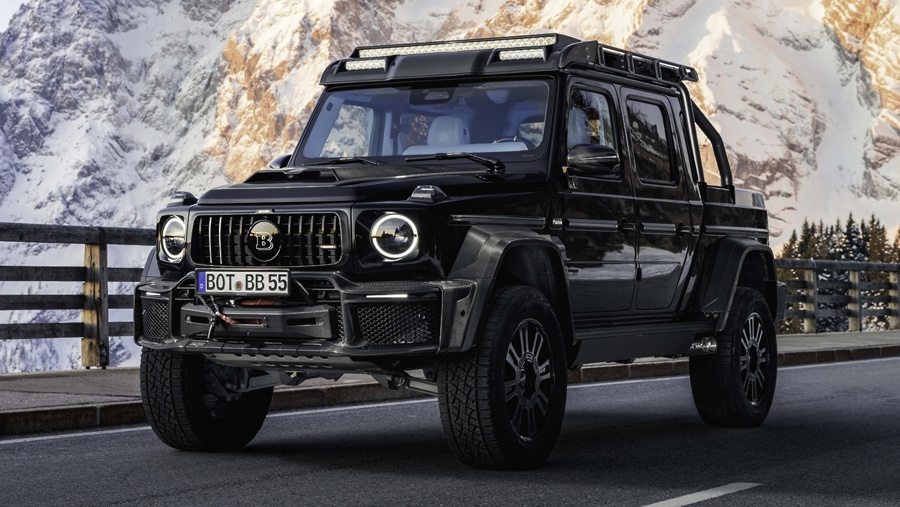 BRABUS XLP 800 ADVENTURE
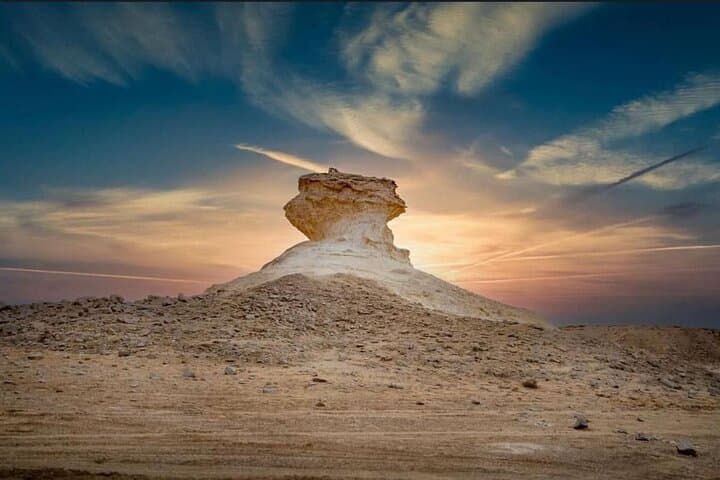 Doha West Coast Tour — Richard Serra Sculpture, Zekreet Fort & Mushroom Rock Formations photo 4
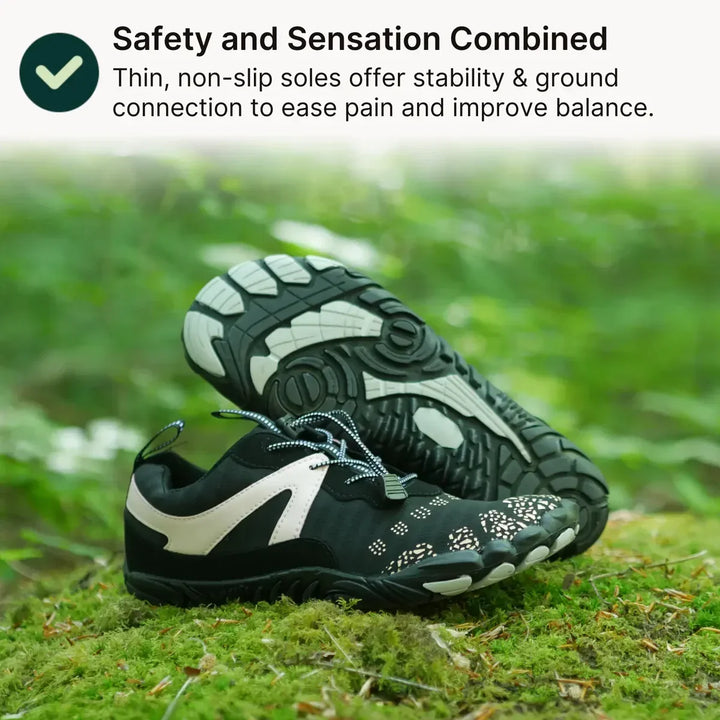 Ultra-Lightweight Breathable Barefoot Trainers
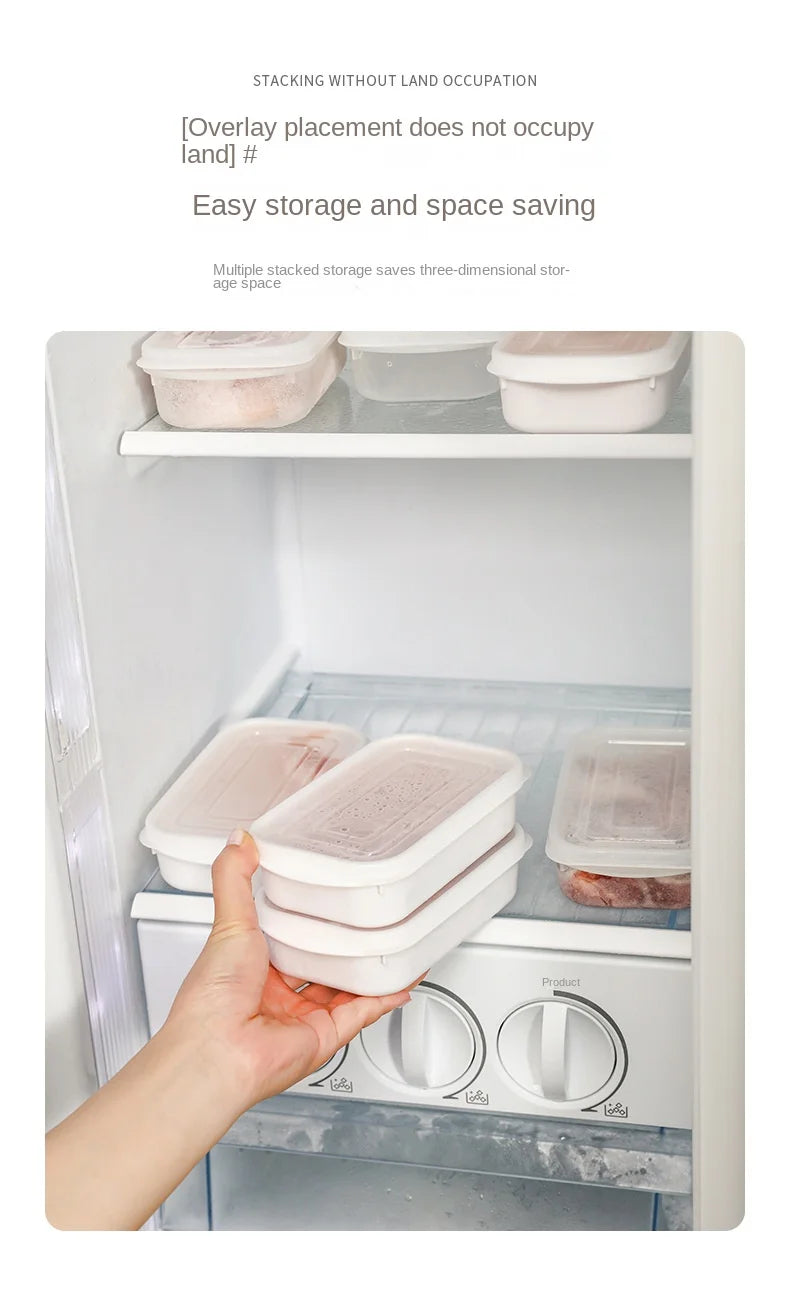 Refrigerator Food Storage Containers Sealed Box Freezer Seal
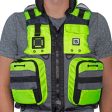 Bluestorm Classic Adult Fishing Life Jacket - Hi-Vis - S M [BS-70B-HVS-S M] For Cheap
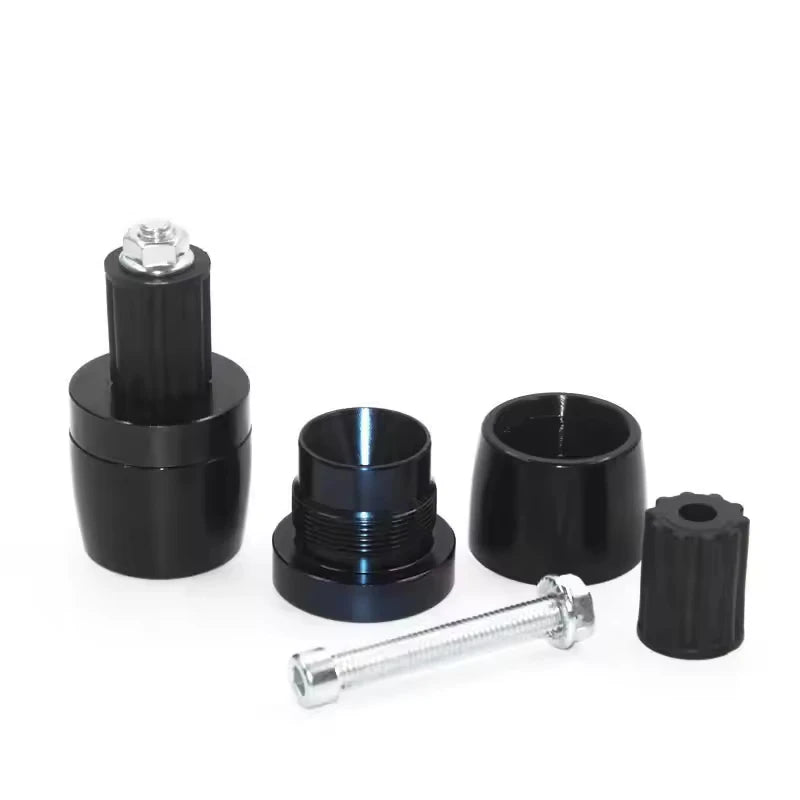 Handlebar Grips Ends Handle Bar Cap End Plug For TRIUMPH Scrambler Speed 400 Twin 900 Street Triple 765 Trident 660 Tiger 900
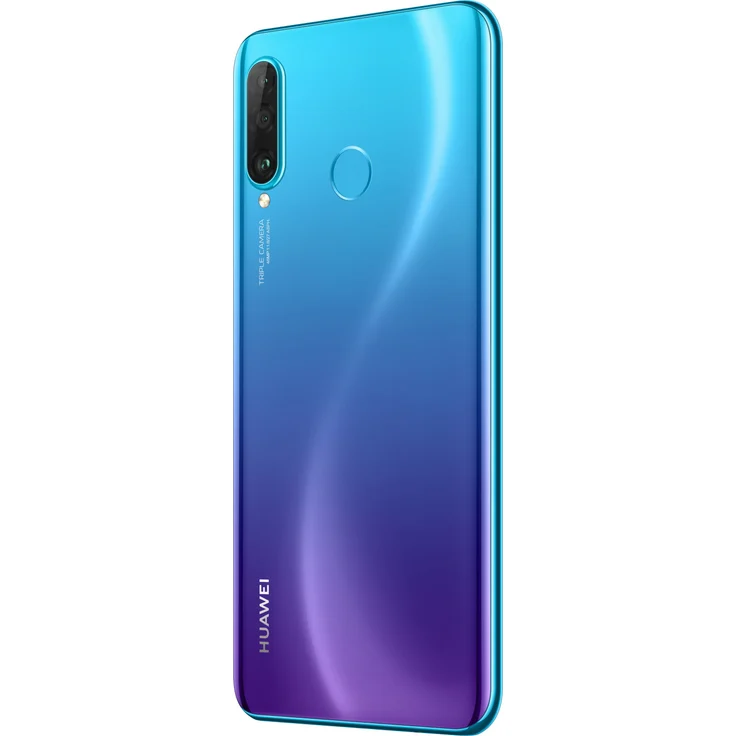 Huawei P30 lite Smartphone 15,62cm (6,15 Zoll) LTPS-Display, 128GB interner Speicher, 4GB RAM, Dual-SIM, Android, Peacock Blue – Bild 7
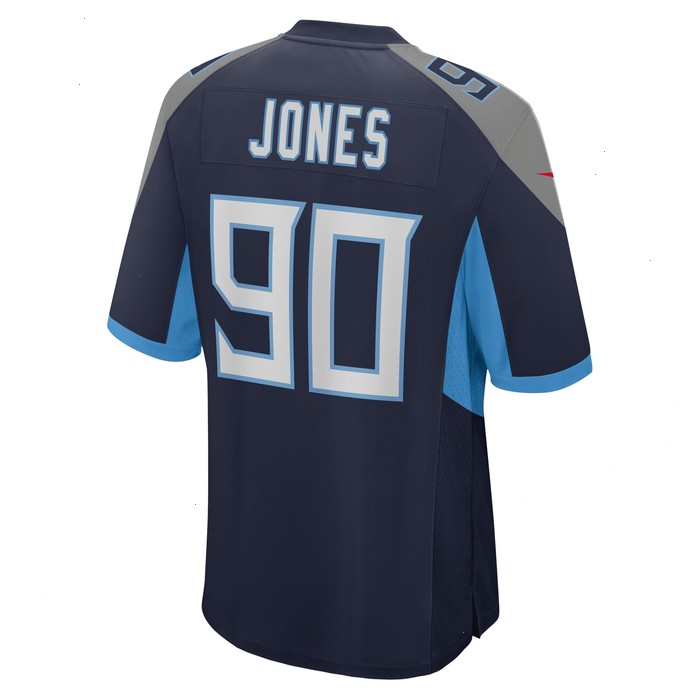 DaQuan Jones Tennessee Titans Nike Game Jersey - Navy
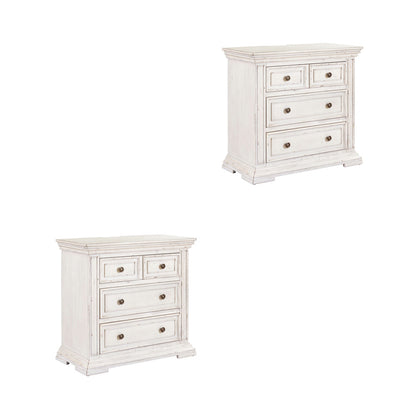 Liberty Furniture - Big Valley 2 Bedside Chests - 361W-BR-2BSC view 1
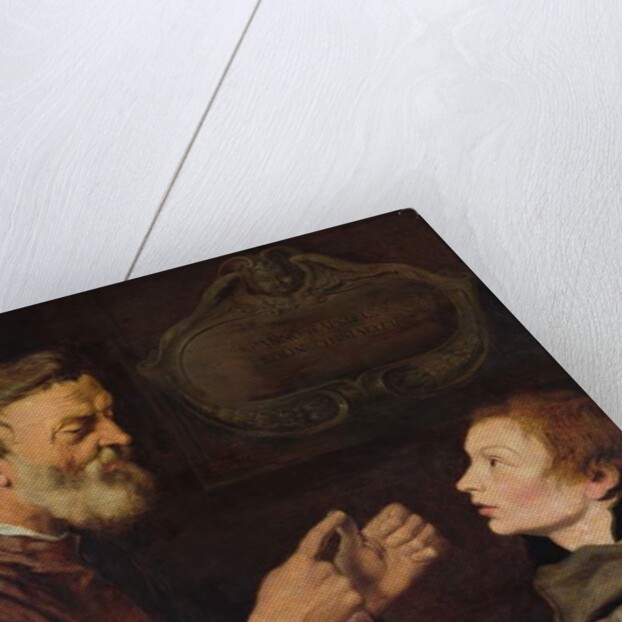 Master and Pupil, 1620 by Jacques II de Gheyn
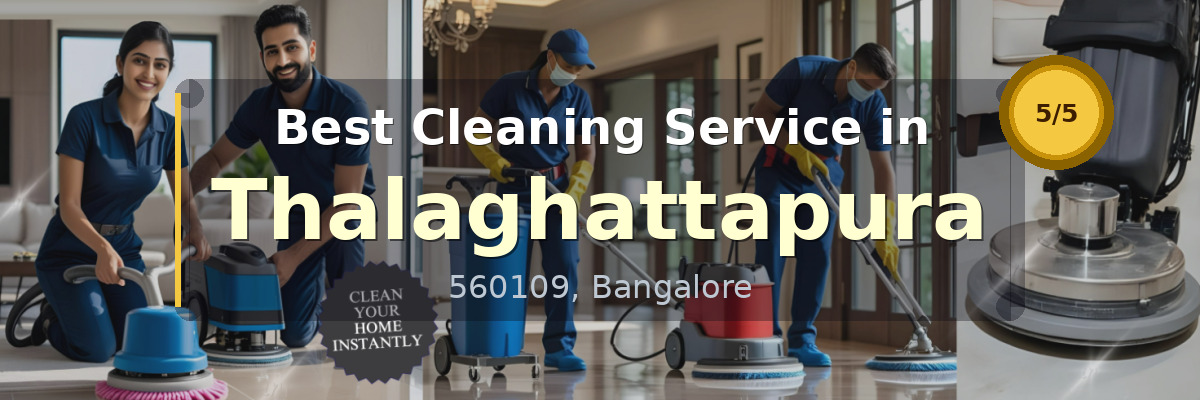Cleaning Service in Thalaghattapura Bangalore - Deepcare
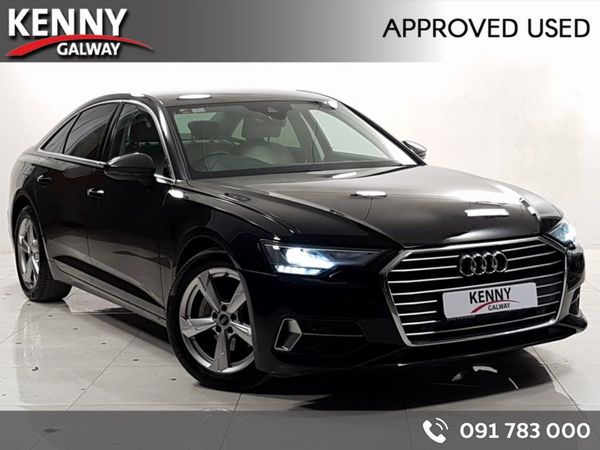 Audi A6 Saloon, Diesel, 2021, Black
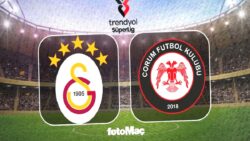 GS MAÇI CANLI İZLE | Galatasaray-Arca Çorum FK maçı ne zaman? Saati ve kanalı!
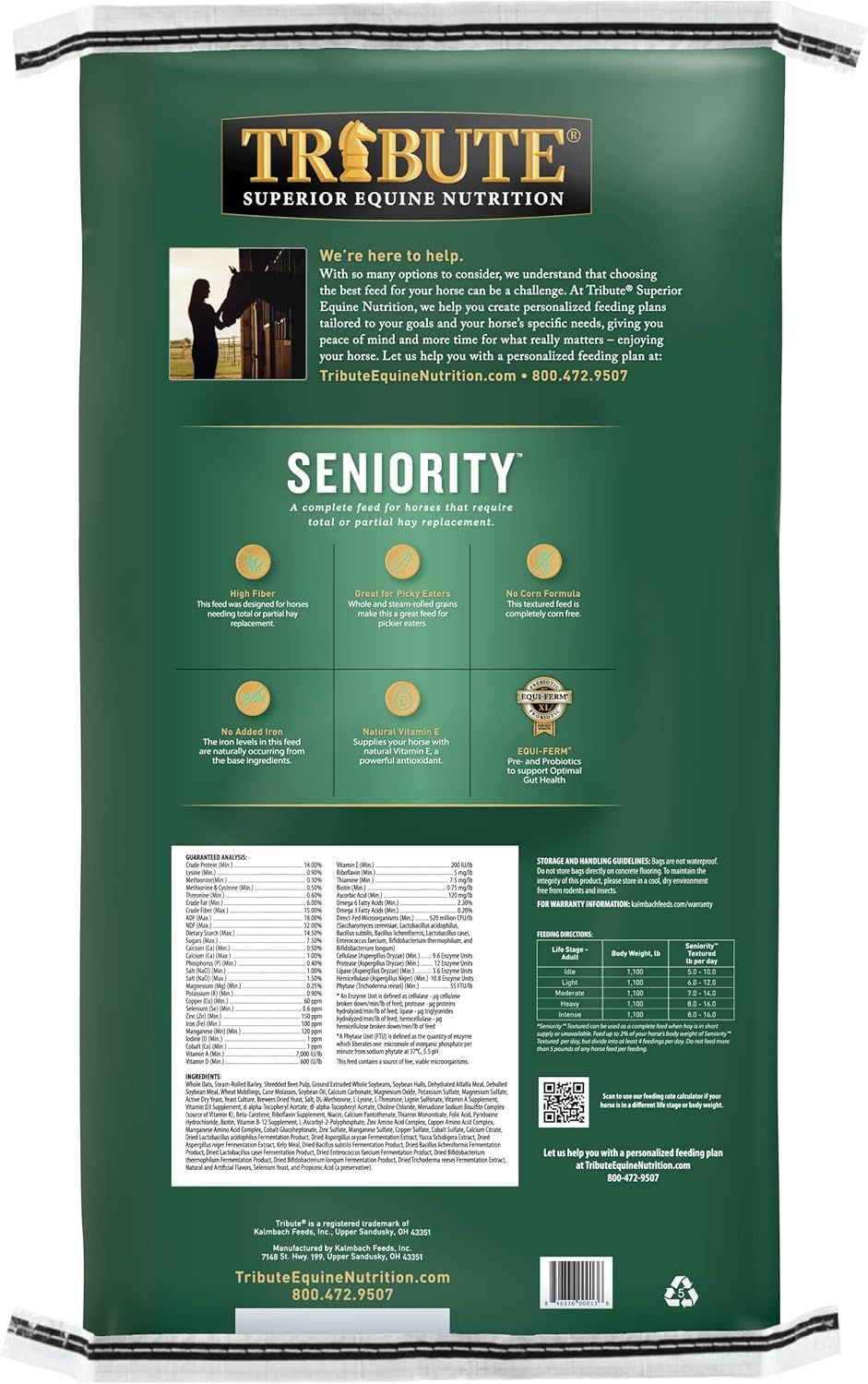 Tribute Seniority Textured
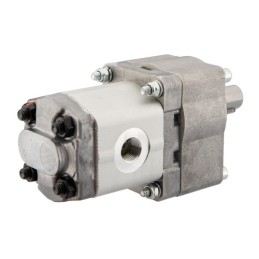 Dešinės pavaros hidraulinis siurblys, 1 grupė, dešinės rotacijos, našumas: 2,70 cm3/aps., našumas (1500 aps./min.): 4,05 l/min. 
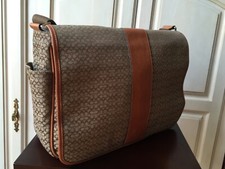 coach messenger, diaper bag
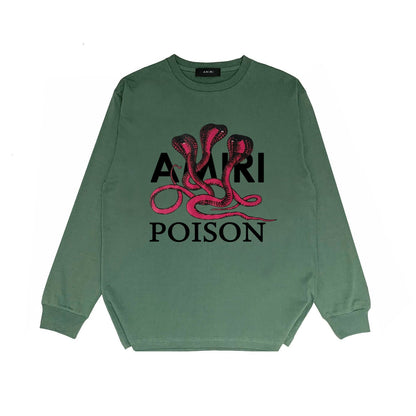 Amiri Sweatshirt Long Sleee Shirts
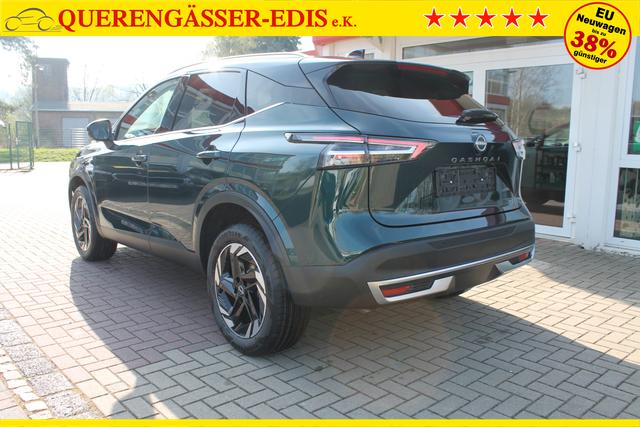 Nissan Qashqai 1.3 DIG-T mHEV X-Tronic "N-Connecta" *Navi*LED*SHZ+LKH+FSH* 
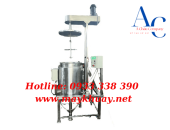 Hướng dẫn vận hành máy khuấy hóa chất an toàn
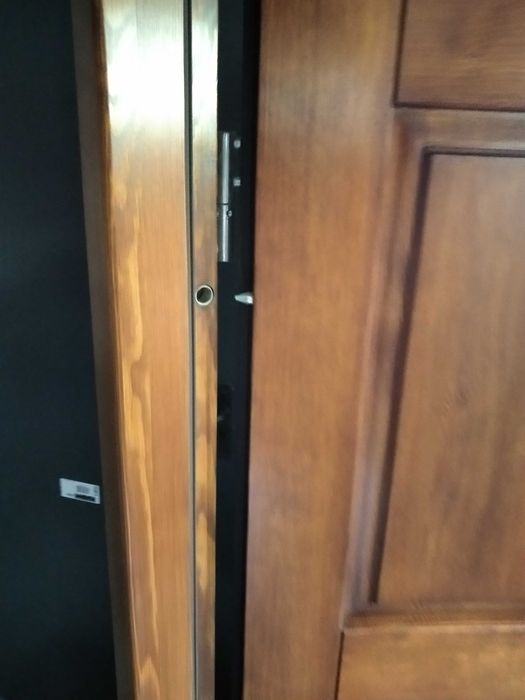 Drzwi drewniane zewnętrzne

#### INSTRUCTIONS FOR THE TASK:
Please return, exactly as written, the lines from the first line of the records above through the line containing "Bluestorm Classic Adult", both included, leaving out any pictures.

#### SOLUTION FOR THIS TASK:
 BRABUS XLP 800 ADVENTURE
 Doha West Coast Tour — Richard Serra Sculpture, Zekreet Fort & Mushroom Rock Formations photo 4
 Ultra-Lightweight Breathable Barefoot Trainers
 Refrigerator Food Storage Containers Sealed Box Freezer Seal
 Bluestorm Classic Adult Fishing Life Jacket - Hi-Vis - S M [BS-70B-HVS-S M] For Cheap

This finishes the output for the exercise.